Why it’s good for you:

  • Since bulgur is not a refined carb, its absorption and digestion takes more time. This suppresses  appetite.
  • It is rich in fibers, which is essential for maintaining a healthy weight.
  • Bulgur lowers the risk of heart diseases and inflammation, improves gut health.
  • It also serves as a detoxifying ‘tool’ for the body.
  • Bulgur is gluten-free.

Tips for cooking:

  • After washing it, ‘fry’ it in plant-based oil for 2-3 minutes. Then boil on low heat for about 20 minutes.
  • Use in salads, add in soups or whole grain porridge, stir-fries.

Chia seeds

Similar to quinoa, these seeds were a superfood for the Mayan and Aztecs. Its numerous benefits are the reason why chia is so popular nowadays.

Why it’s good for you:

  • Rich in antioxidants, which are key for skin repair and prevent further damage.
  • Contains Omega-3 fatty acids, and more precisely – ALA. It limits the growth of cancer cells.
  • It expands in the organism, so it makes you feel full longer. Also the gelatin like substance of soaked chia seeds works as a prebiotic.

Tips for cooking:

  • It is preferable to soak or grind the seeds, instead of eating them raw. This way the body absorbs the nutrients better.
  • Use to make chia puddings or add into smoothie balls. I also use them when making granola.

Flaxseeds

Flaxseed benefits have been known for years, and actually they are pretty much the same as the ones I already mentioned. You can also find it in lots of products on the market, like cereals, whole grain bread, etc.

Why it’s good for you:

  • It contains Omega 3 and fiber (yes, for the 100th time).
  • Flaxseed is very rich in lignans, which can serve as antioxidants.
  • Again, it fights inflammation and lowers the risk of diseases of the cardiovascular system and cancer.

How to use:

  • You can add the seeds basically everywhere. Some options are to put them into any kind of porridge, smoothie, granola, whole grain bakes, etc.

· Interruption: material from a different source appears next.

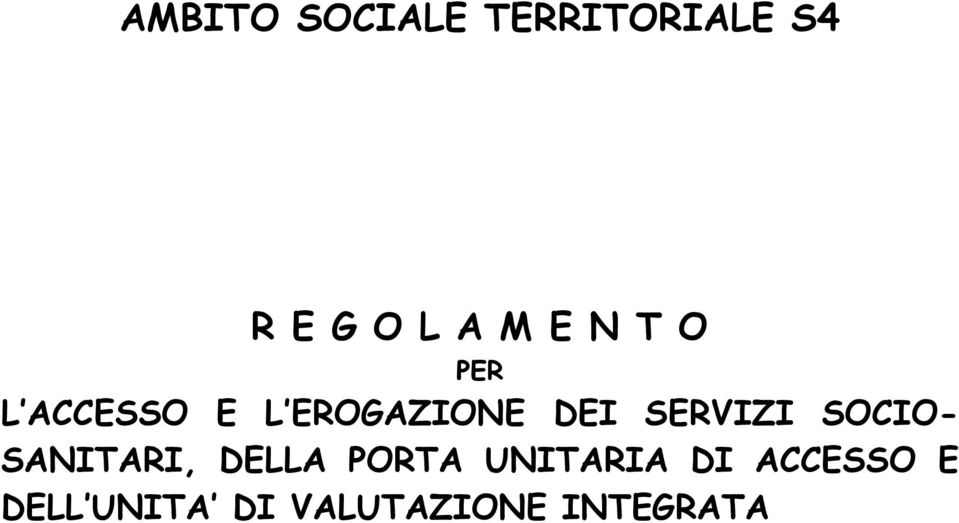 SERVIZI SOCIO- SANITARI, DELLA PORTA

You might also like: Homemade granola recipe


Chickpeas

Did you know that after soybeans chickpeas (or garbanzo beans) are the second most used type of bean? They are wide-spread in the Middle East cuisine, but also find place in Mediterranean dishes.

Why it’s good for you:

  • Contains lots of iron, so if you suffer from or are prone to anemia (like me) you should up your intake.
  • This is a ‘slow’ carb. Once again it takes more time for the body to digest it, and thus it regulates the amounts of blood sugar.
  • Chickpeas help balance the unhealthy cholesterol levels, reduce hypertension and keep arteries clear.
  • Like other beans and legumes chickpeas have an alkalizing effect, therefore balance the levels of pH.

Tips for cooking:

  • Soak for 3-4 hours before cooking, then boil for another 2 hours.
  • When cooking beans and legumes salt right before they are ready. With chickpeas salt around 30 minutes before it is ready.
  • Use in salads or vegetable dishes. Also as garnish to meat meals.

These are only part of the benefits of all these foods, so it is needless to say (if you haven’t already) it’s time to incorporate those into your diet!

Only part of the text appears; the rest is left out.